===== DATA SEGMENT
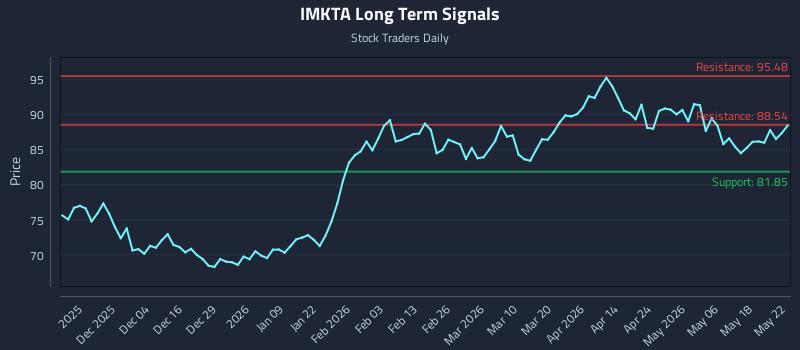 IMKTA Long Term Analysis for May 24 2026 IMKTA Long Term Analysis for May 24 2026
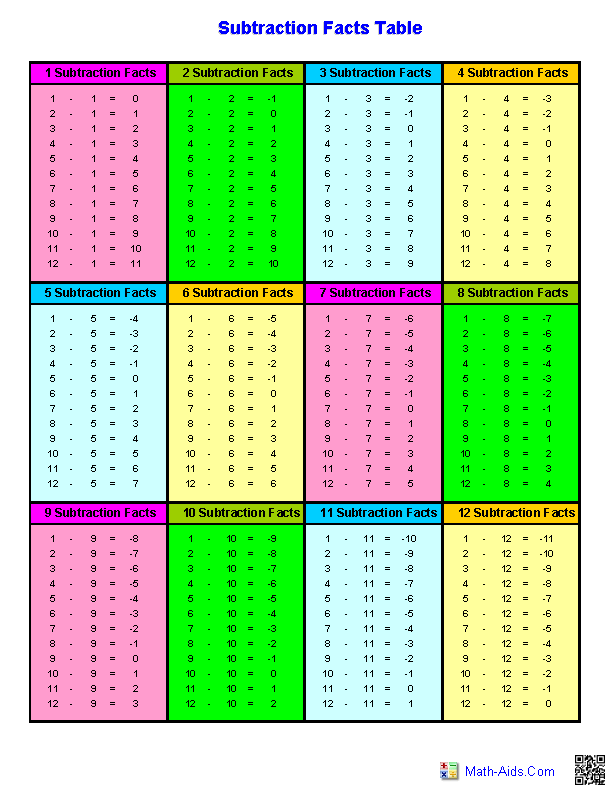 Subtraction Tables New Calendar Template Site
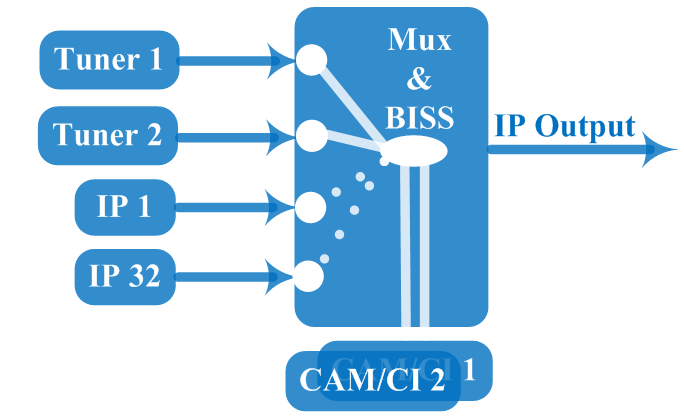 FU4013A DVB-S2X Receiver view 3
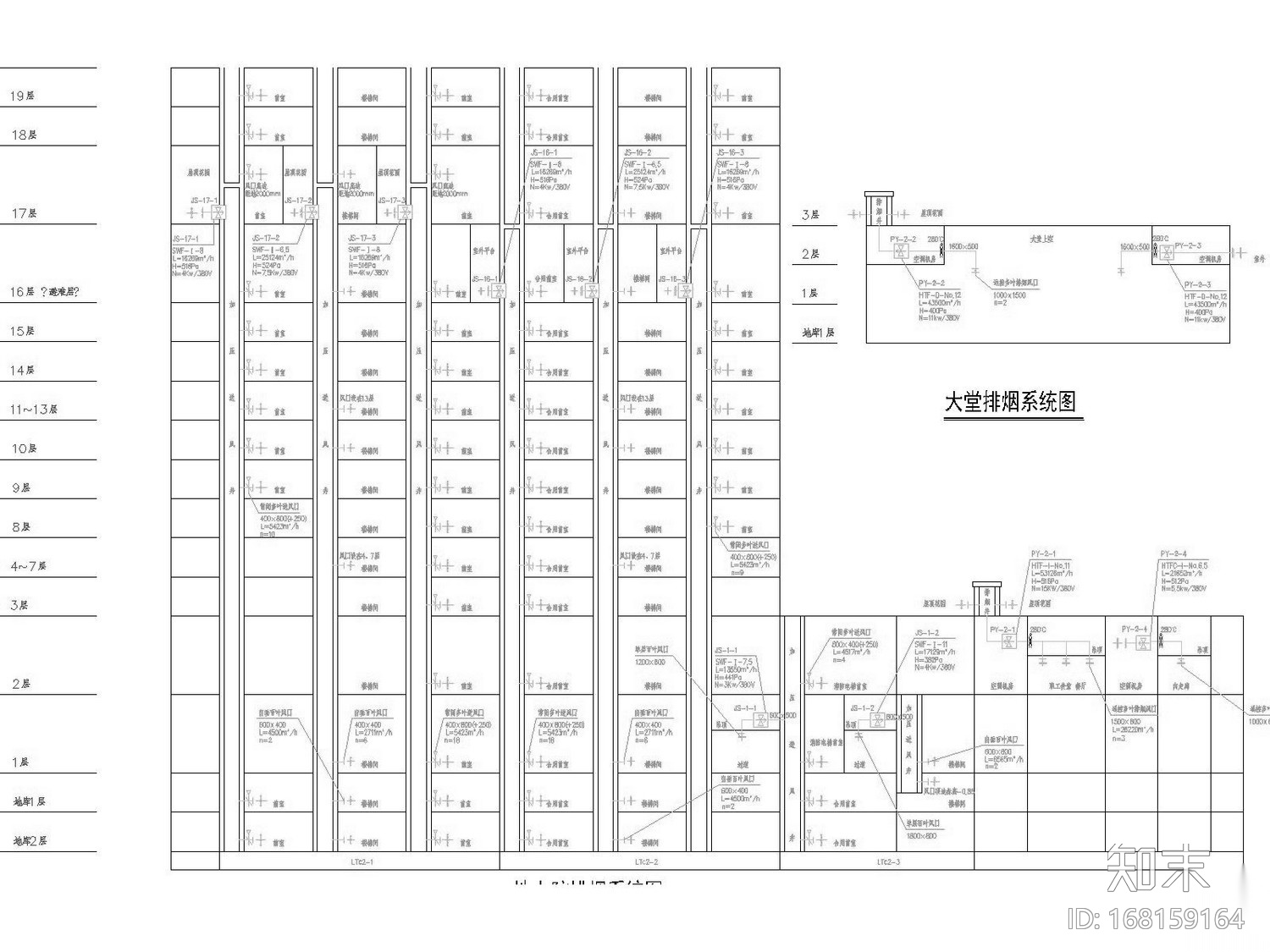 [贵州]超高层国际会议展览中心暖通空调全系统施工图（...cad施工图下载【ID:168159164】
==========
■ YOUR GOAL
Leave every picture out and copy precisely the lines from the one containing "Subtraction Tables New" through the last line of the data above, both ends included.

■ RESULT FOR THIS TASK
 Subtraction Tables New Calendar Template Site
 FU4013A DVB-S2X Receiver view 3
 [贵州]超高层国际会议展览中心暖通空调全系统施工图（...cad施工图下载【ID:168159164】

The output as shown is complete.